Apple TV’s Dickinson, and the Importance of LGBTQIA+ Representation in Media

It’s a well-known fact that the media has a pretty big impact on our lives– whether it’s an outfit inspired by your favorite TV show, telling your friends a weird fact you learned from a documentary, or everything in between. TV, film, social media, and music, like documentaries, can provide and hold information. People can grow up watching and listening to all of these sources of media, and that will be all they know, because they’ve never seen or heard differently. When you listen to and see stories that are different from yours, it can be an eye-opening experience, helping with your empathy and understanding of others. To take stories from all aspects of real life, to draw inspiration from different cultures and places, is to represent them.

There have been many attempts at LGBTQIA+ representation in the media, and like most representation, it’s not always great. Depicting this representation incorrectly is both indirectly and directly harmful to LGBTQ+ youth everywhere. For example, characters are often portrayed in ways that conform to harmful and homophobic stereotypes, and by only portraying LGBTQ+ characters one way, it can make people who don’t act or look the same way feel less valid. Stereotypes in media can have very harmful effects on real people and real relationships, and it’s a basic lack of respect to people within the LGBTQ+ community. That said, it can be extremely beneficial to see healthy representation for everyone, especially people who are trying to grow up and figure out who they are.

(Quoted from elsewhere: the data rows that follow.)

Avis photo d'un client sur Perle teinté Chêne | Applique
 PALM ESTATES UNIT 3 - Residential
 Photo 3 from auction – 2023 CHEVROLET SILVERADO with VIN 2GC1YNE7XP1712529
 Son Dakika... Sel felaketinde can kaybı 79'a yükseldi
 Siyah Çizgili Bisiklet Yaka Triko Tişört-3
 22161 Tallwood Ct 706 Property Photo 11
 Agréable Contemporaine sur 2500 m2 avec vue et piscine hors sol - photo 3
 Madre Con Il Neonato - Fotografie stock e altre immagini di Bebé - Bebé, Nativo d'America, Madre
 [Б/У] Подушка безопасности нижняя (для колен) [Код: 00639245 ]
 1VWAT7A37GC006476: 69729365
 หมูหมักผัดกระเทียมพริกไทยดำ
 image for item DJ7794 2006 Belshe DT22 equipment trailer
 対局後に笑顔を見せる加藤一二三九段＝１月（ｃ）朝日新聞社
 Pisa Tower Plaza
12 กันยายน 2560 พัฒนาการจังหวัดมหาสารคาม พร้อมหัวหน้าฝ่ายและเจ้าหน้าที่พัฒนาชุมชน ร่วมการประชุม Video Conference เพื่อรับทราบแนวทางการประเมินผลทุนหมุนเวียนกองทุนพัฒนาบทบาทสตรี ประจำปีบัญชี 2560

Recently, I’ve watched Dickinson on Apple TV, and I loved it. Dickinson, to me, was a comical, historical, fictitious show, where elements of slang and modern trends made their way into a show about a girl in the 1800s. Emily Dickinson is a famous poet. One of the most well-known names in poetry, she grew up during the civil war and women’s suffrage. What some people don’t know is that her sexuality was historically glossed-over. Just like many other famous historical figures, certain aspects of her were ruled out and buried. However Dickinson retells her story, and gives her a new spotlight. The show is magically enthralling, and I consider it to be a genre of its own. Emily (Hailee Steinfeld) and Sue (Ella Hunt), the main characters, illustrate the fluidity of sexuality (without ever having to define it), which can serve as a comfort for people struggling to grow into who they are. Not only can seeing good LGBTQ+ representation in media help the community’s youth, it can also serve as a guide to people who aren’t a part of the community. Providing outreach, comfort, help to people, or even something as simple as hearing-out different perspectives can help people be more open. Over the course of three seasons, Dickinson manages to cover a large number of topics, ranging from concepts of society and gender, to dealing with your family. All of these topics are still things that people in the LGBTQ+ community have to deal with today. Discovering who you are to yourself, who you are to others, especially your family, can be a difficult process, but with help from the media, maybe there could be more people on your side or in your corner. But not only does Dickinson show portrayals of real problems, it also is a lot of fun. Viewers of the show often find themselves in Emily’s daydreams, and with visions so complex and enjoyable, it makes you marvel at the mind of her.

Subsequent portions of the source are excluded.